Sec. 10.002. PLAN OF MERGER: REQUIRED PROVISIONS. (a) A plan of merger must be in writing and must include:

(1)

the name of each organization that is a party to the merger;

(2)

the name of each organization that will survive the merger;

(3)

the name of each new organization that is to be created by the plan of merger;

(4)

a description of the organizational form of each organization that is a party to the merger or that is to be created by the plan of merger and its jurisdiction of formation;

(5)

the manner and basis, including use of a formula, of converting or exchanging any of the ownership or membership interests of each organization that is a party to the merger into:

(A)

ownership interests, membership interests, obligations, rights to purchase securities, or other securities of one or more of the surviving or new organizations;

(B)

cash;

(C)

other property, including ownership interests, membership interests, obligations, rights to purchase securities, or other securities of any other person or entity; or

(D)

any combination of the items described by Paragraphs (A)-(C);

(6)

the identification of any of the ownership or membership interests of an organization that is a party to the merger that are:

(A)

to be canceled rather than converted or exchanged; or

(B)

to remain outstanding rather than converted or exchanged if the organization survives the merger;

(7)

the certificate of formation of each new domestic filing entity to be created by the plan of merger;

(8)

the governing documents of each new domestic nonfiling entity to be created by the plan of merger; and

(9)

the governing documents of each non-code organization that:

(A)

is to survive the merger or to be created by the plan of merger; and

(B)

is an entity that is not:

(i)

organized under the laws of any state or the United States; or

(ii)

required to file its certificate of formation or similar document under which the entity is organized with the appropriate governmental authority.

(b)

An item required by Subsections (a)(7)-(9) may be included in the plan of merger by an attachment or exhibit to the plan.

(c)

If the plan of merger provides for a manner and basis of converting or exchanging an ownership or membership interest that may be converted or exchanged in a manner or basis different than any other ownership or membership interest of the same class or series of the ownership or membership interest, the manner and basis of conversion or exchange must be included in the plan of merger in the same manner as provided by Subsection (a)(5).
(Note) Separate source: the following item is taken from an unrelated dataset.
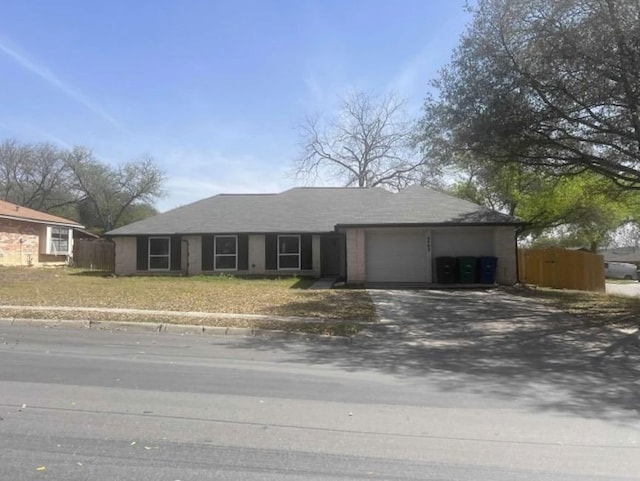 6402 Green Top Dr, San Antonio, TX 78233 - ranch-style house featuring dirt driveway and an attached garage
A plan of merger may provide for cancellation of an ownership or membership interest while providing for the conversion or exchange of other ownership or membership interests of the same class or series as the ownership or membership interest to be canceled.

(d)

Any of the terms of the plan of merger may be made dependent on facts ascertainable outside of the plan if the manner in which those facts will operate on the terms of the merger is clearly and expressly stated in the plan. In this subsection, "facts" includes the occurrence of any event, including a determination or action by any person.
Acts 2003, 78th Leg., ch. 182, Sec. 1, eff. Jan. 1, 2006.
Amended by:
Acts 2011, 82nd Leg., R.S., Ch. 139 (S.B. 748), Sec. 10, eff. September 1, 2011.
Acts 2015, 84th Leg., R.S., Ch. 32 (S.B. 860), Sec. 6, eff. September 1, 2015.
Sec. 10.003. CONTENTS OF PLAN OF MERGER: MORE THAN ONE SUCCESSOR. If more than one organization is to survive or to be created by the plan of merger, the plan of merger must include:

(1)

the manner and basis of allocating and vesting the property of each organization that is a party to the merger among one or more of the surviving or new organizations;

(2)

the name of each surviving or new organization that is primarily obligated for the payment of the fair value of an ownership or membership interest of an owner or member of a domestic entity subject to dissenters rights that is a party to the merger and who complies with the requirements for dissent and appraisal under this code applicable to the domestic entity; and

(3)

the manner and basis of allocating each liability and obligation of each organization that is a party to the merger, or adequate provisions for the payment and discharge of each liability and obligation, among one or more of the surviving or new organizations.
Acts 2003, 78th Leg., ch. 182, Sec. 1, eff. Jan. 1, 2006.
Sec. 10.004. PLAN OF MERGER: PERMISSIVE PROVISIONS. A plan of merger may include:

(1)

amendments to, restatements of, or amendments and restatements of the governing documents of any surviving organization, including a certificate of amendment, a restated certificate of formation without amendment, or a restated certificate of formation containing amendments;

(2)

provisions relating to an interest exchange, including a plan of exchange; and

(3)

any other provisions relating to the merger that are not required by this chapter.
Acts 2003, 78th Leg., ch. 182, Sec. 1, eff. Jan. 1, 2006.
Amended by:
Acts 2015, 84th Leg., R.S., Ch. 32 (S.B. 860), Sec. 7, eff. September 1, 2015.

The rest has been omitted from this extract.